The battle for control of The Co-operative Bank is probably now moving towards its endgame. A prospectus is to be published at some point in the final three months of this year – possibly at the end of October. We should then know whether bondholders have accepted the proposed resolution lodged by the Bank and the Co-operative Group.
Over recent weeks a significant shift in attitude has taken place at the Group. Initially, requests by bondholders to meet with the Bank were rejected. Bondholders complained they were given a response that was akin to ‘take it or leave it’ – the ‘it’ being detailed proposals to be revealed later in the year in the prospectus, but of which they had little knowledge. The underlying principles are that the bank’s £1.5bn capital shortfall in the bank would be bridged through the sale of life assurance and general insurance arm, the conversion of £500m of bonds into equity and an additional £500m to be invested by the Group.
Bondholders were angry and demanded to meet with the Bank and Group. I understand that UBS, which is advising the Bank and Group, now meets bondholder representatives on a regular basis. Those bondholders can be divided into three groups. There are the retail investors, including pensioners who rely on the income from their bonds and many of whom invested because of a commitment to the co-operative movement. Their representative is Mark Taber of Fixed Income Investments.
A second group are the UK based institutional investors, who it is reported are being organised with the help of the Association of British Insurers (though the ABI declines to confirm or deny this). This group has remained tight lipped. Mark Taber’s take on this is that these institutions do not want it publicly noticed that they invested in bonds that have now fallen substantially in value. Their interests are also to maximise their income and I am told they may be unhappy at the prospect of accepting equity in place of income generating debt.
The third group are the hard hitters – the so-called ‘vulture’ hedge funds including Aurelius and Silver Point, which specialise in buying distressed debt and using legal recourse to maximise their returns. Aurelius and Silver Point are, along with another eight funds, represented by the investment bank Moelis. I understand that UBS is now liaising closely with Moelis, with the objective from the Bank’s point of view of the prospectus proving acceptable to the hedge funds, as well as to the other classes of bondholders.
However, it is not yet clear that the hedge funds will be won over – and if the publication date of the prospectus slips much into November or possibly into December, that could be a clear indication that a consensus on the proposed resolution has not been achieved.
There has been speculation that the new regulator, the Bank of England’s Prudential Regulatory Authority, has met with Moelis to ensure that if the bondholders take control of the bank they will do so in a way that is acceptable to the PRA and that the team that would take over the running of the bank would pass the PRA’s competence test.

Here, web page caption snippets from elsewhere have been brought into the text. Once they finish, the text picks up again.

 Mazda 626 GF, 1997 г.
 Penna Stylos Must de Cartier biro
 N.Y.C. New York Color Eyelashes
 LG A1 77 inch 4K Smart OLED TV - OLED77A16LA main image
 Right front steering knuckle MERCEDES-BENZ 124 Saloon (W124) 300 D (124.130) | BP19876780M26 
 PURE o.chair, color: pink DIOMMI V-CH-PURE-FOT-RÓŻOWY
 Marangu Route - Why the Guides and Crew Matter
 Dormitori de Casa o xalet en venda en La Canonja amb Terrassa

Indeed, The Times published a report earlier this month stating that the PRA’s chief executive Andrew Bailey had met with Moelis, on behalf of the hedge fund bondholders. Neither Moelis nor the Bank of England will comment on this, but I have been assured by one very well placed source that The Times is wrong and no such meeting has taken place.
According to speculation, the hedge funds recognise they would not get authorisation from the PRA to run the Co-operative Bank if they manage to convert their debt into a controlling equity stake. Nor are they actually keen on running a bank. It is therefore more likely that they would sell their shares to a private equity firm. Several private equity firms have been keen to enter the banking market, some having already assembled teams of experienced bankers in an attempt to takeover an existing UK banking operation. These teams are sufficiently strong that they would presumably gain approval from the PRA.

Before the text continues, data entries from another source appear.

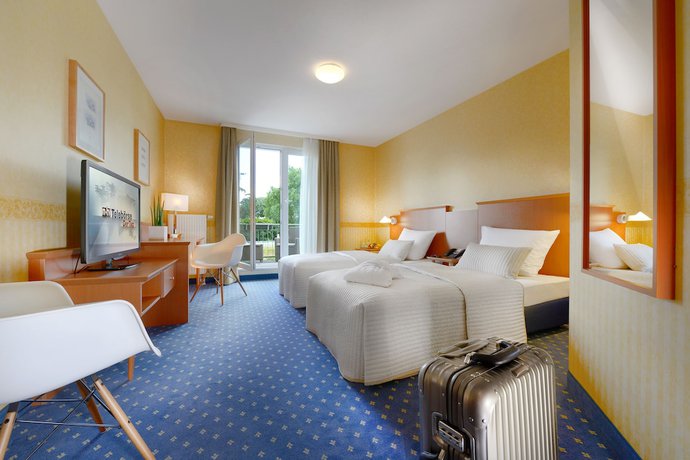 Imagen de la habitación del Hotel PLAZA INN K&ouml;ln Pulheim. Foto 9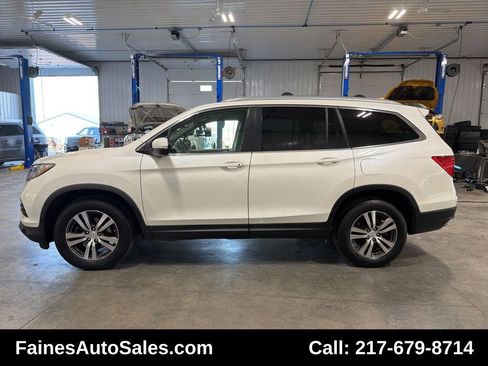 Used 2017 Honda Pilot EX-L image 9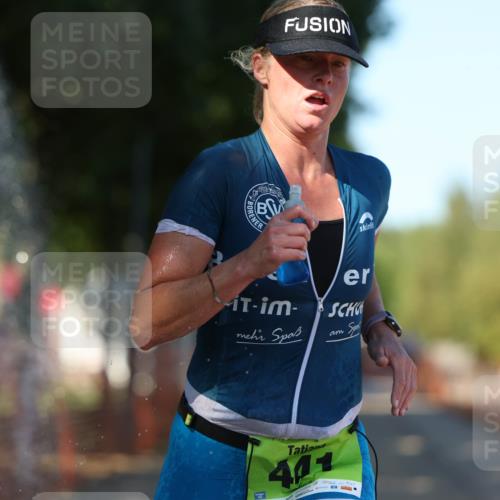 07.09.2025 - 19. Norderstedt Triathlon Michael Strokosch http://msf.ph/oto/8772723 07.09.2025 15:37:58 Laufen 441, 477 meine-sportfotos.de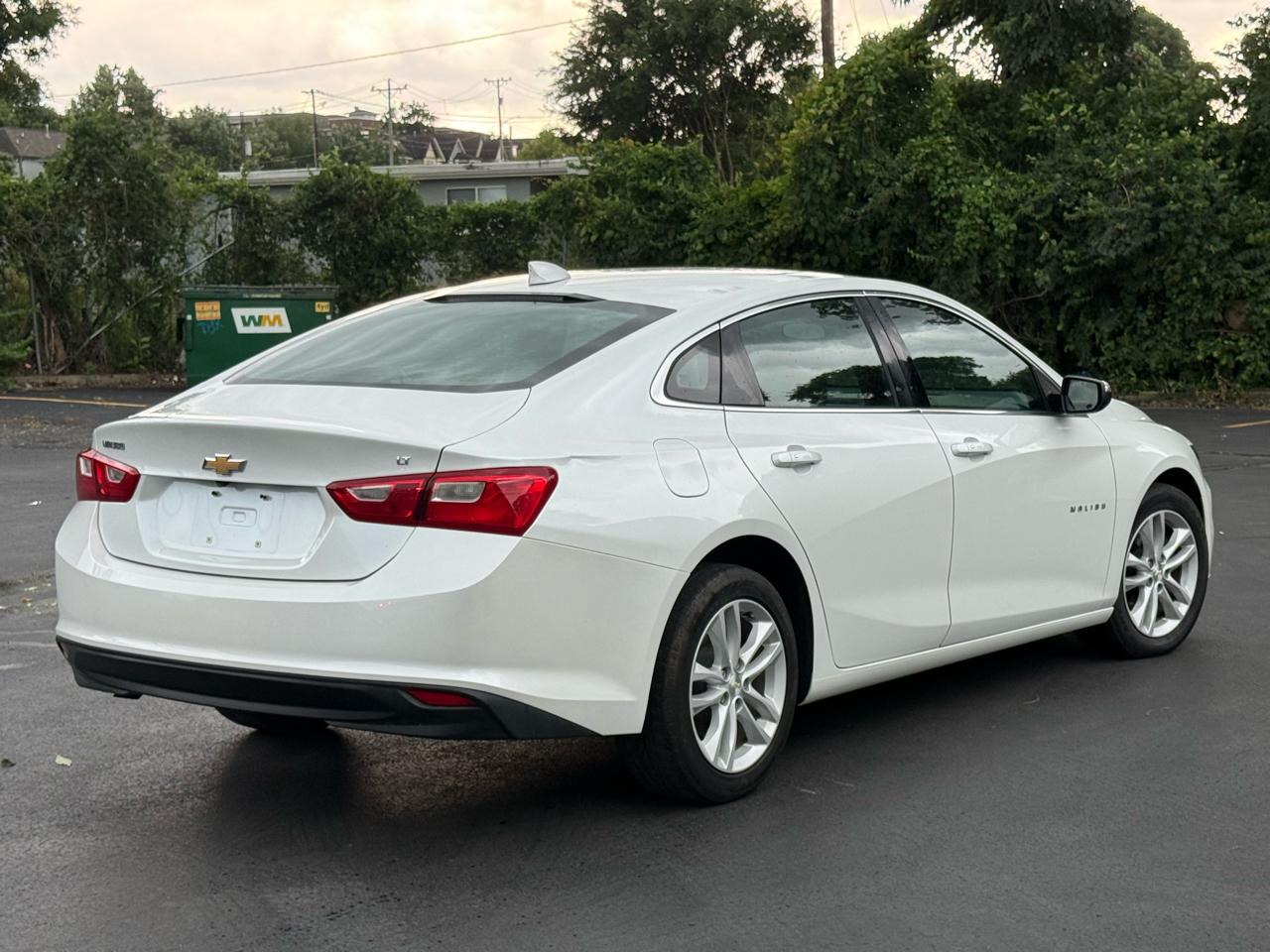 Chevrolet Malibu 1LT 2016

We can guess that some private equity firms would be keen to take over the Co-operative Bank. JC Flowers is one possibility, having in effect taken control of the Kent Reliance Building Society. However, JC Flowers may currently be fully occupied in its position as a prime candidate to takeover the TSB brand that would have been the Co-op’s if Project Verde had not collapsed.

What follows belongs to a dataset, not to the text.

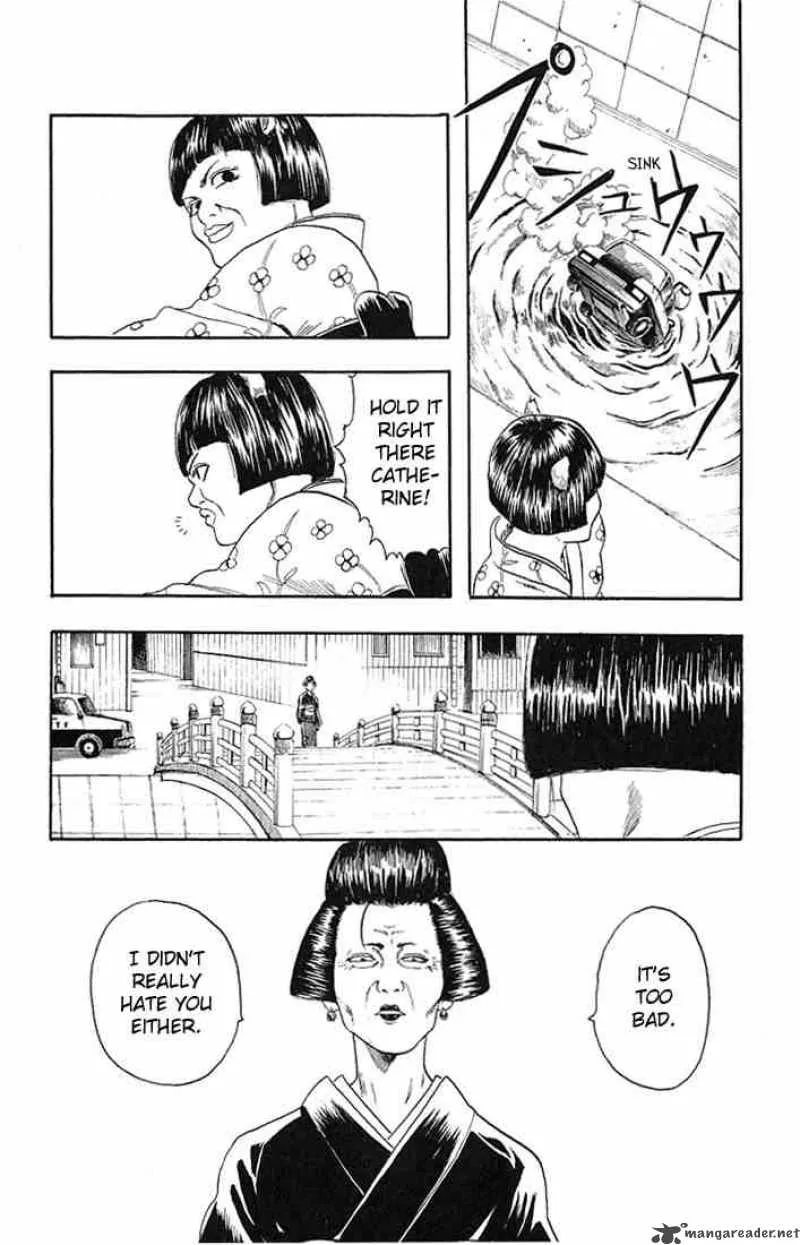Gintama Chapter 4 page 14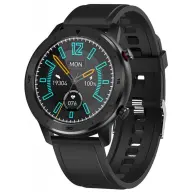 GARETT Men 5s silikon remen crno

Despite the PRA playing a close watching brief on developments regarding the Bank, there have been strong criticisms emerging of the PRA’s previous approach to the crisis. Bondholders have alleged that the PRA worked exclusively with the Bank’s management to reach a solution, without sufficiently taking into account bondholders’ interests. Mark Taber has been the most vocal of the critics, alleging that by failing to publicise its private concerns about the Bank’s capital shortage, the PRA effectively allowed a ‘false market’ in the bonds to take place.
There is a further concern, affecting not only the PRA, but also its predecessor, the FSA, the Financial Services Authority. It is now clear that the Bank’s leadership at executive and non-executive level was not sufficiently strong. Neville Richardson was approved by the FSA as chief executive of the merged Bank, but was his experience at Britannia sufficient to lead the Bank? With the benefit of hindsight – and a clearer view of the real situation inherited from Britannia – the answer seems obvious.
The weakness at non-executive level has been implicitly recognised by the Bank and Group with the just announced changes to the Bank’s board. Even the Group chair, Len Wardle, has stepped down from the Bank’s board. Duncan Bowdler, Peter Harvey and Bob Newton have all also resigned as non-executive directors. The only remaining Bank directors without experience at a senior level of the banking industry are Group CEO Euan Sutherland and Ben Reid, CEO of Midcounties Co-op.
Further directorial changes are to follow. Three new independent non-executive board members are being recruited, plus another from the Group. This should place the Bank in a position where it is compliant with the UK Corporate Governance Code. In addition, the current deputy chief executive Rod Bulmer will be leaving in a few months and will be replaced.
I understand the directorial changes are not as the result of pressure from the PRA, though presumably the PRA is aware of them and is content. The PRA has worked closely with the Group in recent months to improve governance arrangements at the Bank. The new board is part of the measures taken to obtain support for the prospectus and is intended to provide reassurance to the wider range of shareholders after the debt for equity swap takes place. The board reorganisation is, though, another indicator of the extent to which the Bank is becoming separated from the Group, reversing the so-called Project Unity unification process even before it was completed.
This is a tough time for officials at the Bank and the Group. They are simultaneously fixing organisational and financial problems at the Bank, while drawing up a prospectus for the share issue. The Group will also have its own challenges that need to be resolved, without allowing the crisis at the Bank to deflect them too much.
The review by Sir Christopher Kelly will hopefully reveal much about how this disaster for the Group and wider movement came about and what lessons should be learnt. But the regulator needs to also consider how and why the failure in regulation happened. That is not to deny the Bank’s and Group’s responsibilities – must merely stating the obvious that regulators, as well as boards, are supposed to prevent banking disasters.